Culture and History
Aydın is a city with its origins tracing back in 7000 BC and is a home to numerous historic civilizations.
The recognized historian of the ancient world, Herodotus pronounces the city as the place settled underneath the most picturesque sky that one could envisage with a most delightful climate. For the famous 17th century Turkish visitor, Velia Celebes, oil drips out of its mountains and honey drips out of its prairies.
In ancient times Aydın was the epicenter of several civilizations such as Miletus, Aphrodisias, Nysa, Didyma, and Priene. The city thrived further more under the Hittites. After the city was administered by the Seljuk Empire, it was presented to the Turkish civilization, and finally becoming a province in 1923 with the announcement of the modern Republic.
Being a core of many civilizations since the ancient times, Aydın is rich in historic and natural treasures.
It is an interesting place to explore for its splendid bays and beaches as well as historic assets.
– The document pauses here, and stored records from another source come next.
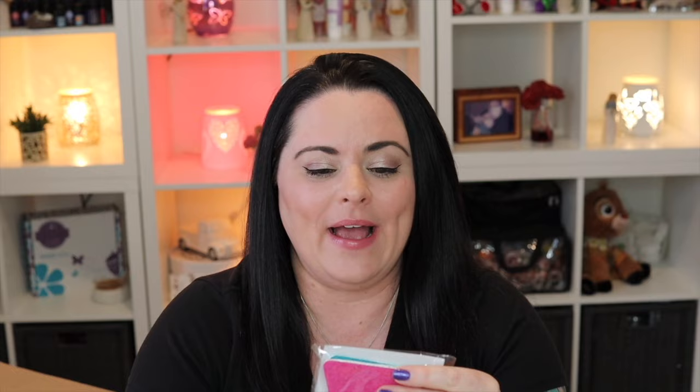This is super random and not something that's going to be in the catalog, but I thought these were super cute — they were in the consultant store and I added them to my order. We have Scentsy sponges! They're paper thin but they totally expand like crazy. Super fun.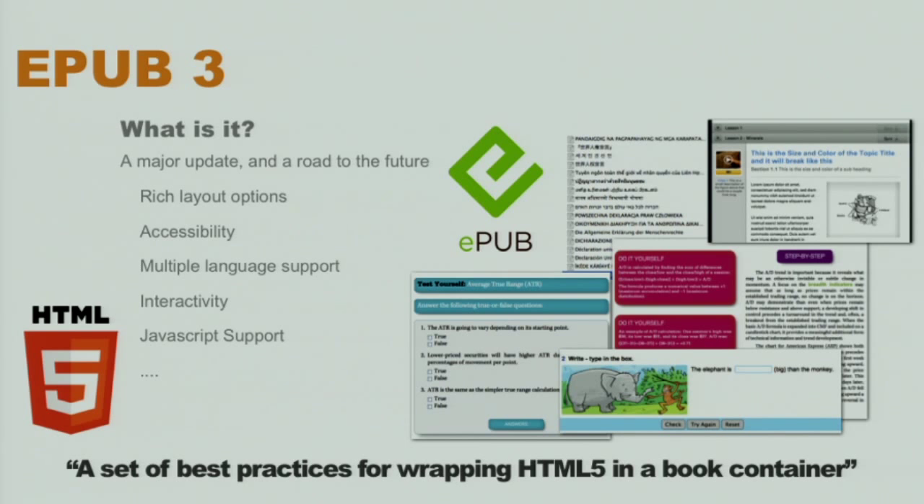Browser-based reading represents a rounding error on consumer adoption of e-books to date. But the good news is, thanks to EPUB, HTML-based content represents nearly all of that consumer adoption. EPUB 3 is the latest version of EPUB. It's based on the latest web standards, including HTML5, adding rich media and interactivity, global language support, and extensive features for accessibility.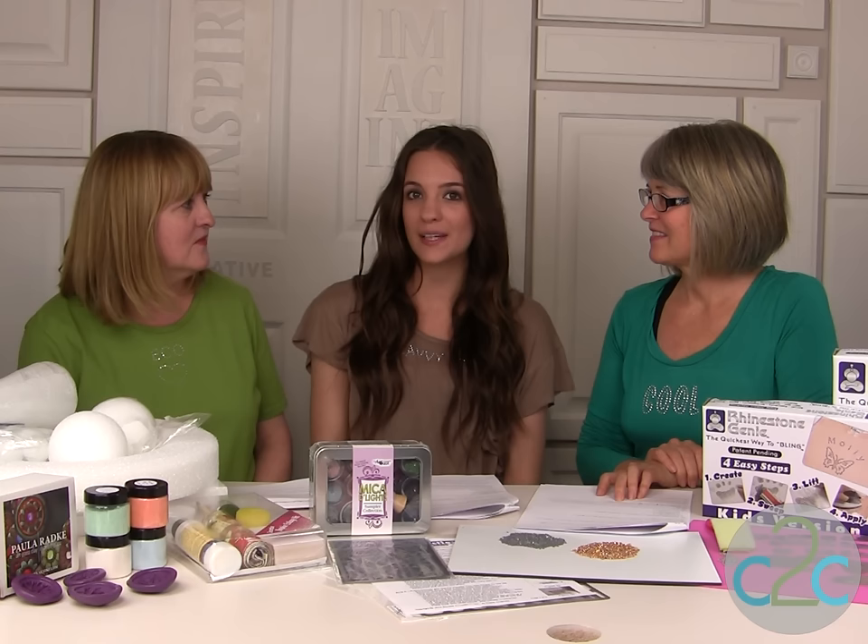One of my favorite stamping companies is Stampendous, and they have been a leader in the stamping world for over 30 years. What you're going to see today are the coolest Halloween designs and learn more about their awesome embossing powder, and their color fragments,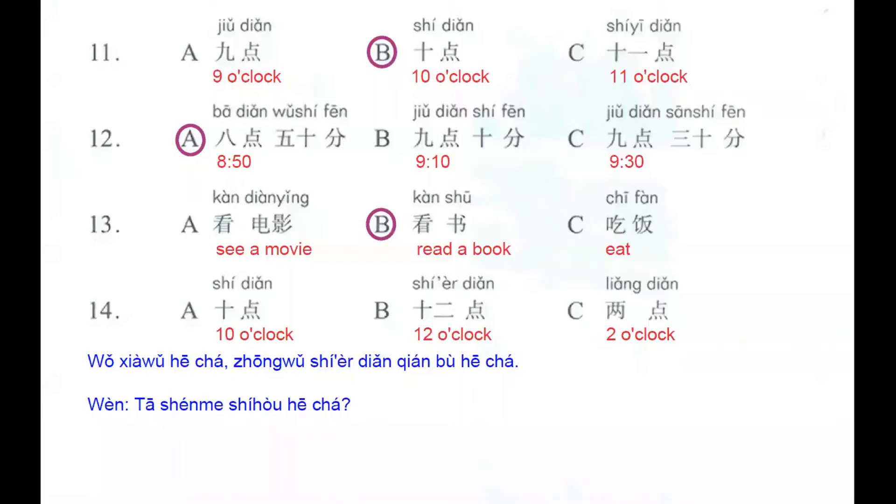Number 14. The first answer: 十点, 10 o'clock. Second one: 十二点, 12 o'clock. And letter C: 两点, 2 o'clock. We listen here: 我下午喝茶，中午十二点前不喝茶 — I, in the afternoon, drink tea; before 12 o'clock I don't drink tea. The question is 他什么时候喝茶 — when does he drink tea? The correct answer here is letter C, 两点.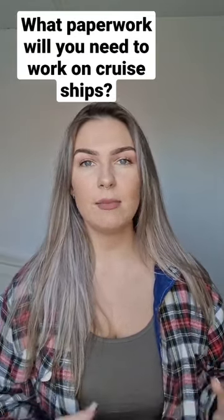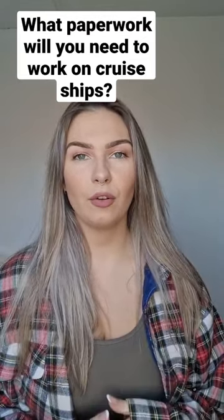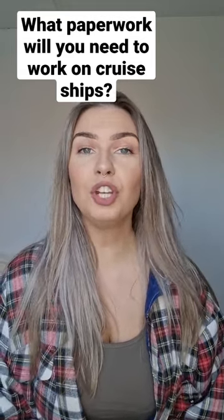A C1D visa is an American visa that allows you to work in American waters. If you want to know more about working on cruise ships, then make sure you go and follow me over on YouTube at Cruising As Crew.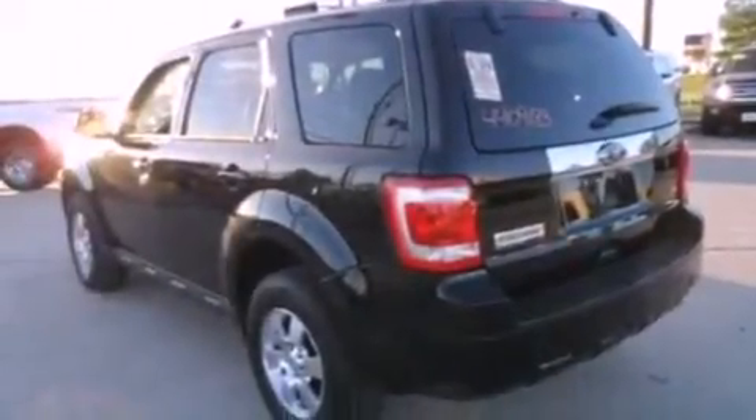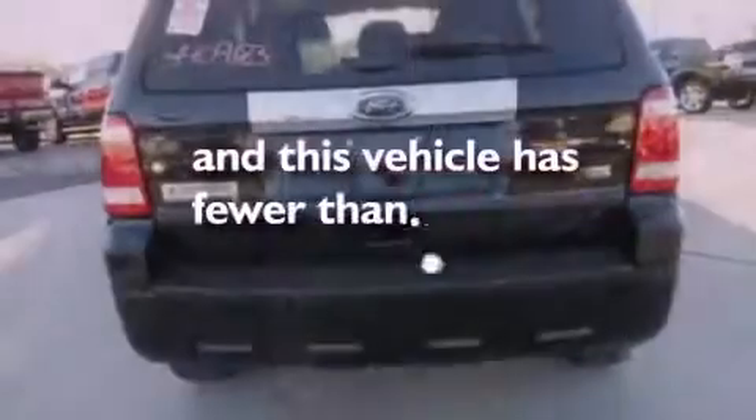Fog lamps, stability control, air conditioning, and this vehicle has fewer than 31,000 miles on the odometer.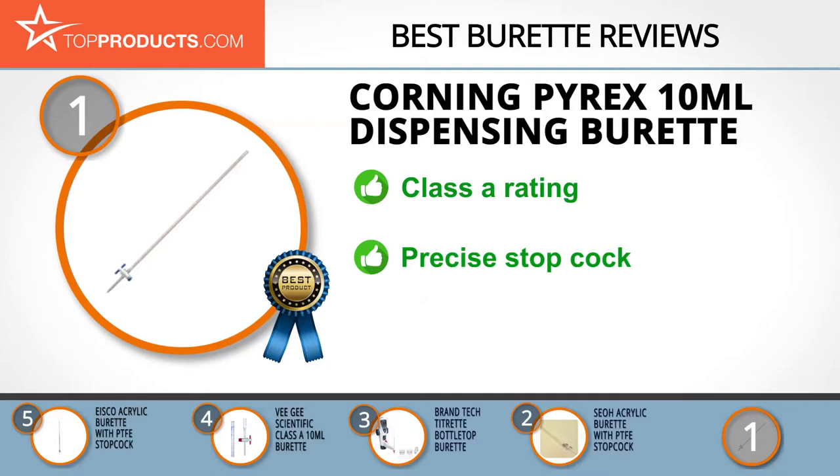It's got a well-designed colored scale frame, a dust cover, and a stopcock plug for precise control of liquid contents. Our only word of caution is that it's not rated for some advanced uses, which may require more robust equipment.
You can discover the many spectacles of this city in any season and at any time of the year.
Museum of Aydın:
The museum in Aydın is an awesome place for history lovers as it exhibits relics from the different eras of the town history. Stone figurines from diverse periods, which arose from old cities of Aydın like Alinda, Magnesia, Tralleis, Nysa, Alabanda, Amyzon, Myus, Harpasa, Orthosia, Pygela and Mastaura, are presently being displayed in the museum's garden. These works comprise of sculptures, abacuses, tombs, columns and altars, Islamic tombstones and signposts. The three sections to the museum organized into separate halls are Coin Section, Archaeology Section and Ethnographic Section.
In Menderes Valley, you can break at Lake Camici, a camping site veiled by olives, pines and oleanders. From there the vacationers can go touring the remnants of the ancient city of Heraklia. Proceeding from here are the remains of Alinda on the inclines of the Besparmak Mountains opposite to the lake. This productive place was once home to many cultures whose leftovers still preserve their splendor.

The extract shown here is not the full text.